Au cours de son intervention qui a parfois pris des allures de masterclass, Gladys Jalaguier a insisté sur l'importance de l'environnement familial qui constitue "l’élément numéro un" dans lequel le harcèlement psychologique prend sa source. Au sujet du cyber-harcèlement, elle a, sans grande surprise, pointé l'usage du smartphone. "Cet outil, entre les mains de personnes immatures ou mal intentionnées, est une arme de destruction massive", clame-t-elle. Le téléphone portable, et en particulier les réseaux "qui n'ont de sociaux que le nom", seraient responsables de la dissolution de "la frontière" école/maison qui mettait jadis fin aux supplices des harcelés une fois l'établissement scolaire quitté.
"Les réseaux dématérialisent la valeur du lien social entre élèves", lequel se construit davantage dans "la culture du like", a conclu Gladys Jalaguier. Ses propos faisaient écho à ceux prononcés quelques minutes plus tôt par Joëlle Raibaud, principale du collège Jean-Moulin basé dans le quartier des Près-Saint-Jean. "Une énorme partie de notre travail du lundi est en lien avec ce que les élèves se sont échangés sur les réseaux le week-end", a reconnu la directrice d'établissement.
"Avant de devoir gérer le harcèlement, l’idée c’est de l’anticiper et de prévenir", a développé la dernière nommée, en citant les différentes composantes du fameux "parcours citoyen" dans lequel sont engagés ses élèves. Il s'articule autour d'actions "qui visent à responsabiliser l’enfant", "des actions de respect", "d’acceptation de la différence", "des actions d’entraide", des espaces de paroles et des projets liés à l’égalité homme-femme, entre autres.
"Pour que les élèves adhèrent à un projet, il faut d’abord les écouter"

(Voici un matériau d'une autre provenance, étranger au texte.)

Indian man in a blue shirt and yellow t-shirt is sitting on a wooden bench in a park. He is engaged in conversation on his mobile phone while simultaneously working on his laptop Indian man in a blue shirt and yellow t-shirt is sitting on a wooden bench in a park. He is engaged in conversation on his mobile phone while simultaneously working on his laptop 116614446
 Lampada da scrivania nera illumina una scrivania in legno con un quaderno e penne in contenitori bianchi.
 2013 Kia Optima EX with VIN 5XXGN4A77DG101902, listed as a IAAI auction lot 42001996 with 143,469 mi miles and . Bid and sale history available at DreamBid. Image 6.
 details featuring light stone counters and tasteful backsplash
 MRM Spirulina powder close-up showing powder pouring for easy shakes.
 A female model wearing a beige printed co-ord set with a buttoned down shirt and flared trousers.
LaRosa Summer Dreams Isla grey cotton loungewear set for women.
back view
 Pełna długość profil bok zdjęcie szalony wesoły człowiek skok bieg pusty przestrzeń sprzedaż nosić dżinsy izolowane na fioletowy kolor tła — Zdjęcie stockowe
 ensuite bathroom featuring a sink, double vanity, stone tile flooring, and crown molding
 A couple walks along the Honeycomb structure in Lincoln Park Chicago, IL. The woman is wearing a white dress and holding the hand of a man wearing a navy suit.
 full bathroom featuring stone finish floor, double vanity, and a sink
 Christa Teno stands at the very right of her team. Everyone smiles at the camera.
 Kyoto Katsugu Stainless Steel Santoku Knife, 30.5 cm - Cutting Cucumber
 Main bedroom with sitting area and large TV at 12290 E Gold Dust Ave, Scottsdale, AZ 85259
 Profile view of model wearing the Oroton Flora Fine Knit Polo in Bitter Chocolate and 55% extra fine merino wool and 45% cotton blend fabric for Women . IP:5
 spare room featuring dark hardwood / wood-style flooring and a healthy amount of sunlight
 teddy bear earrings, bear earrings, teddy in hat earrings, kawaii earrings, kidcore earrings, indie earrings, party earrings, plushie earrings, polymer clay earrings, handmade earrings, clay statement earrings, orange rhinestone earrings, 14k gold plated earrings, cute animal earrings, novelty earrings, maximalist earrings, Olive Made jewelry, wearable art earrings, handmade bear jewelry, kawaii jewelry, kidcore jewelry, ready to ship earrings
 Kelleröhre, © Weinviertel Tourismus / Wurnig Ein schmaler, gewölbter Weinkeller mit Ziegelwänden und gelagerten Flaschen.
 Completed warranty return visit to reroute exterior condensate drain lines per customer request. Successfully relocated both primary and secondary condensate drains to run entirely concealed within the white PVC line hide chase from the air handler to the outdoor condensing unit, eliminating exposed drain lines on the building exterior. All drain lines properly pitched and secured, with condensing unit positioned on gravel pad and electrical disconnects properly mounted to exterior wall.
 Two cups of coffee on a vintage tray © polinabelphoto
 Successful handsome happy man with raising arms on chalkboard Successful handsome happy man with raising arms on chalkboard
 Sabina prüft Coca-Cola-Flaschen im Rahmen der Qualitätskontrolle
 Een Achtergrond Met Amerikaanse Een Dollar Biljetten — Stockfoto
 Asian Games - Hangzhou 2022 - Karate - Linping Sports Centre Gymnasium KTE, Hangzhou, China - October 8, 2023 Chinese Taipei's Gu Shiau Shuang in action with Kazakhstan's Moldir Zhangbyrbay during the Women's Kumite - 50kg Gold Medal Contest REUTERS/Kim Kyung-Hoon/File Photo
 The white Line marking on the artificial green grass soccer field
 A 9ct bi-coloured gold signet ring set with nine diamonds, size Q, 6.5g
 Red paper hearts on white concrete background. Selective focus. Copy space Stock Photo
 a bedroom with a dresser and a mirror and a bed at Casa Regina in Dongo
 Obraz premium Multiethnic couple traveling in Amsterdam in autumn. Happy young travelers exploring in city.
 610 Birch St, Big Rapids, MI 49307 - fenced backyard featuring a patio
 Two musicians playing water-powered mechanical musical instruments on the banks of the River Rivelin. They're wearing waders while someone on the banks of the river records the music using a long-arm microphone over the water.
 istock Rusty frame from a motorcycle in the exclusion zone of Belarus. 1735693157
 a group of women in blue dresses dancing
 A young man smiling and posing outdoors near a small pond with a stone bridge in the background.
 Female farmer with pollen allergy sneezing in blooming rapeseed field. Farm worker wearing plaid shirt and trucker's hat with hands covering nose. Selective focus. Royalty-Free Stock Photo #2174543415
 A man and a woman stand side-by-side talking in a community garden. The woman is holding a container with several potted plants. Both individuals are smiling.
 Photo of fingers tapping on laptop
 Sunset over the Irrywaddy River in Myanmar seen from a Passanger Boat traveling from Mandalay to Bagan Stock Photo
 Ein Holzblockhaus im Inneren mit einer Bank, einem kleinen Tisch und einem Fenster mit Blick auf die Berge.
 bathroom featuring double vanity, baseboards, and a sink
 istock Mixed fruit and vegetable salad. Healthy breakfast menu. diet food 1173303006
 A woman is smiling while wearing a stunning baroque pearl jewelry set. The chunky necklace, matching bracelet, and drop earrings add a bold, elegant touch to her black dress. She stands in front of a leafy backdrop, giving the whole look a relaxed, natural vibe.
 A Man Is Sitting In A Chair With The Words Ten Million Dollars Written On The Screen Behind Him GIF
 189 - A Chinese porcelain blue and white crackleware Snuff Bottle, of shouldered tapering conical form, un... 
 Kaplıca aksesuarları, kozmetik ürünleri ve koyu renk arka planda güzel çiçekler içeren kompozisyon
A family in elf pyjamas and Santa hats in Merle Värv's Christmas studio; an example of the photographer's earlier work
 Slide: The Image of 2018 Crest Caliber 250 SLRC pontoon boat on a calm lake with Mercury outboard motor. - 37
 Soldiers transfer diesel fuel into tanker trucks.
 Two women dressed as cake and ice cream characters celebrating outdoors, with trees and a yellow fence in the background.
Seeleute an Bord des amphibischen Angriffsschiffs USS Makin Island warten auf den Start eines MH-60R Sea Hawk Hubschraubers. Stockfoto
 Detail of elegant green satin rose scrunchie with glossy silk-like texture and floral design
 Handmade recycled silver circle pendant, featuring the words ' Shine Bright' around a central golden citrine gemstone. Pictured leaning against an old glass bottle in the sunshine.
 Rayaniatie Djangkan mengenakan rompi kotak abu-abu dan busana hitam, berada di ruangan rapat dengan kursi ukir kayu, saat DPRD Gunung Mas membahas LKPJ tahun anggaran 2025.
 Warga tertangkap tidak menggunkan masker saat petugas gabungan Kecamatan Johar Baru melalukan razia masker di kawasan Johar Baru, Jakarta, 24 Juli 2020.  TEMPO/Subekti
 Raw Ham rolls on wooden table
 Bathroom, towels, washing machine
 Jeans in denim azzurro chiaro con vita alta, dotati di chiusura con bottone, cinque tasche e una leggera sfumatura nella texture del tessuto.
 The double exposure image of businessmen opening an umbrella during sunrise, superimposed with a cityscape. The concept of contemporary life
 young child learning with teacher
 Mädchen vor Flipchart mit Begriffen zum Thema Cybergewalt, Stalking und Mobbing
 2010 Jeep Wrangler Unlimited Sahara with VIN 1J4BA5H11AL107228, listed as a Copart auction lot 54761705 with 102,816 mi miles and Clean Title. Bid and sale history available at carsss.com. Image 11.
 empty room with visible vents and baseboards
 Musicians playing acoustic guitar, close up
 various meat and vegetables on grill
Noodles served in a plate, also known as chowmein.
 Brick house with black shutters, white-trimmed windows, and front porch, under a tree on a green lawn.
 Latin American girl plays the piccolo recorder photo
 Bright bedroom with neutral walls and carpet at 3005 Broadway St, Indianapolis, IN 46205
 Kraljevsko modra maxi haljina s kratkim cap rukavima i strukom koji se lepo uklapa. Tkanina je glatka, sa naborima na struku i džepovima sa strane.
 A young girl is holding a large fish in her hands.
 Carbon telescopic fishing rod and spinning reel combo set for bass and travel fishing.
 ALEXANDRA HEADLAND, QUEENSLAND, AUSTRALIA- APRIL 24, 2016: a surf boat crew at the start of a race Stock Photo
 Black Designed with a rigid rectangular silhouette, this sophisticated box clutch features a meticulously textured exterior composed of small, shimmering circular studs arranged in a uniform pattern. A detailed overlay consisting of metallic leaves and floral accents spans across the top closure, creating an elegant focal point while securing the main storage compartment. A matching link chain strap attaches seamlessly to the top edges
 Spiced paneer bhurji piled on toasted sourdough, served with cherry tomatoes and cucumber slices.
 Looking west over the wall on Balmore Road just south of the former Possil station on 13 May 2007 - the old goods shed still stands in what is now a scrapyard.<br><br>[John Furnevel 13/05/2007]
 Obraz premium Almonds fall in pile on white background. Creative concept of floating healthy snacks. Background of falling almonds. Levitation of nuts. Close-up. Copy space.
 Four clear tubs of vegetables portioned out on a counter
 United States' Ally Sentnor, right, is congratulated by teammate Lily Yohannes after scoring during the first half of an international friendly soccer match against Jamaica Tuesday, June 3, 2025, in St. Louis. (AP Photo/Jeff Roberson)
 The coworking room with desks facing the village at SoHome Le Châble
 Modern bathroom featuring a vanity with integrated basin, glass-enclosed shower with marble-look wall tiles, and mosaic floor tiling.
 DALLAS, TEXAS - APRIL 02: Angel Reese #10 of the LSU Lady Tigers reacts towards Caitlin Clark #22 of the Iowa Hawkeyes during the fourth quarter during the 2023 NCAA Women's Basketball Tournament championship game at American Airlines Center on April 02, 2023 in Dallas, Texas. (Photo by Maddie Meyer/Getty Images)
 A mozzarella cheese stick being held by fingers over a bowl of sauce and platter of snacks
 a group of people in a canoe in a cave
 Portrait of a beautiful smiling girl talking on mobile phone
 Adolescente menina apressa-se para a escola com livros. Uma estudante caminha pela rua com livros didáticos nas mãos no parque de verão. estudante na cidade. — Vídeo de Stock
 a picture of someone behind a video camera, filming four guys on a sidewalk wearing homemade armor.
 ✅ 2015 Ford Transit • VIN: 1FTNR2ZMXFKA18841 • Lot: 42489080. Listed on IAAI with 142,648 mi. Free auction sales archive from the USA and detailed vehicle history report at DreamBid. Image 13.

Le collège Jean-Moulin bénéficie des services d'une assistante de prévention et de sécurité (APS), en l'occurrence une ancienne gendarme qui "fait un super boulot". Depuis la dernière rentrée, Joëlle Raibaud admet que "l’éloignement de l’élève" auteur de faits relevant du harcèlement, c'est à dire son exclusion du collège, est plus facilement opéré qu'auparavant, tout en "gardant un lien avec l’établissement d’accueil". "Mais l’idée c’est tout de même de ne pas arriver à l’exclusion", perçue comme un échec, et de "plutôt gérer en amont", avertit la principale du collège.
En matière de harcèlement scolaire, Gilles Roumieux en connaît un rayon. Notamment depuis qu'il a, à partir des mots de ses élèves de 3e du collège Racine, accouché d'une brochure baptisée "Touche pas à mon camarade", avant que celle-ci ne soit transposée en une exposition itinérante. "Pour que les élèves adhèrent à un projet, il faut d’abord les écouter et les interroger. L’objectif, c’était d’interpeller les élèves et de déclencher une prise de conscience autour du harcèlement scolaire. Ça a libéré leur parole !", a rembobiné l'enseignant alésien.
Et le professeur d'histoire-géographie de poursuivre en livrant sa recette : "Il fallait sortir ces mots de la classe. Par ce type de projet, les élèves ont le sentiment d’être écoutés. Diffuser la voix des élèves, c’est ce qui m’importe. Il faut que leur projet ait une réalisation !" C'est le cas dans des proportions qu'il n'imaginait peut-être pas, puisque la brochure a déjà été éditée à 10 000 exemplaires et l’exposition s'affiche en grand au Cinéplanet où aura lieu un ciné-débat sur le harcèlement scolaire ce samedi à 16h.